Comment envisager des manières de communiquer entre des manières d’être au monde aussi différentes et aussi spécifiques ? Les rapports entre différentes cultures, lorsqu’elles se rencontrent, peuvent s’envisager de plusieurs manières. Il y a l’approche multiculturelle, marquée par le pluralisme, la juxtaposition ; une approche en forme de «mosaïque culturelle», de «creuset» où cohabitent différents groupes culturels ; ce qui ne fait pas toujours bon ménage avec la cohabitation et l’intégration sociale. Il y a aussi l’approche interculturelle, plus proche de la dimension que le Défap essaye de développer :

  • elle définit les rapports et interactions entre des groupes humains de cultures distinctes ;
  • elle est marquée par une réciprocité des échanges, un dialogue ;
  • elle suppose un respect mutuel ;
  • elle implique un renoncement à l’ethnocentrisme.

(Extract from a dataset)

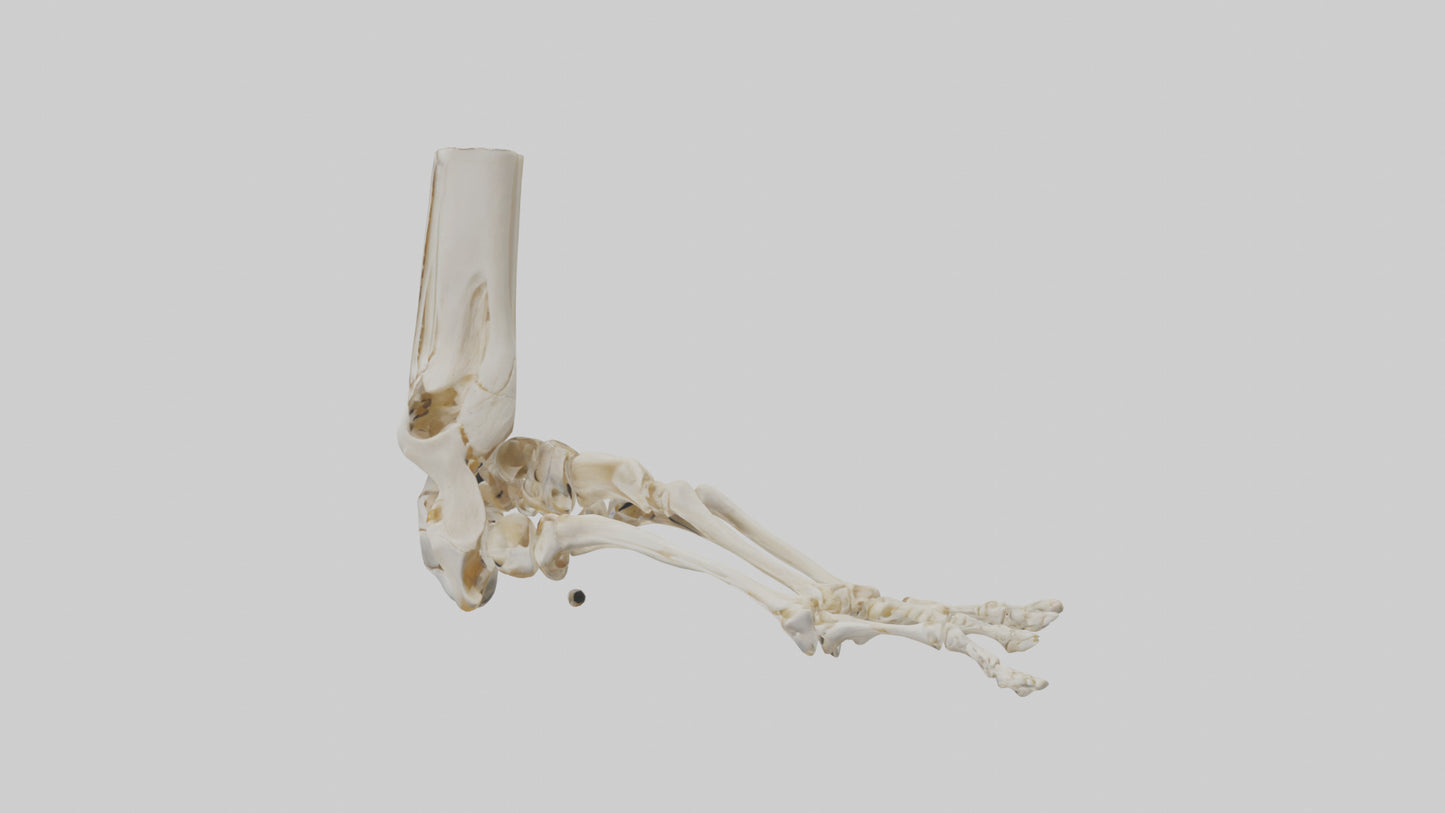 3D model Human Foot Skeleton model VR / AR / low-poly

Se rencontrer par-delà les différences culturelles : un effort quotidien

Ces différentes approches se traduisent par des postures différentes :

  • l’universalisme culturel : la reconnaissance commune de principes indiscutables, l’univers vu comme un tout englobant tous les êtres humains, au-delà des particularismes biologiques et culturels, une unité façonnée par la raison humaine qui régit les relations entre les êtres dans un consentement universel (proche de l’humanisme) ;
  • le relativisme culturel : l’idée que toutes les cultures se valent, sont légitimes ; pas de jugement ni de hiérarchisation (avec un risque : celui du refus de valeurs universelles partagées) ;
  • le culturalisme : le fait culturel serait responsable de tout, impliquant entre les êtres des différences irréductibles.

Lorsqu’il s’agit de former de futurs envoyés avant leur départ en mission, il est donc important de trouver un équilibre ; et pour cela, de respecter quelques points fondamentaux : l’appartenance à une même communauté qui transcende toutes les autres, la communauté humaine ; tenir à distance les a priori et se garder de toute hiérarchie entre les cultures… Pour autant, ne pas renoncer à soi, identifier des passerelles, trouver des dénominateurs communs, penser la complémentarité. Pour les envoyés du Défap qui partent, pour quelques mois ou des années, dans un pays, une culture et un milieu d’Église très différent, tout ceci impliquera un effort quotidien… La rencontre est à ce prix.

(1) Une intervention qui aurait dû se faire à deux voix, en compagnie de la socio-ethnographe Pamela Millet ; mais cette dernière ayant été empêchée au dernier moment, le format de cette conférence a dû être revu.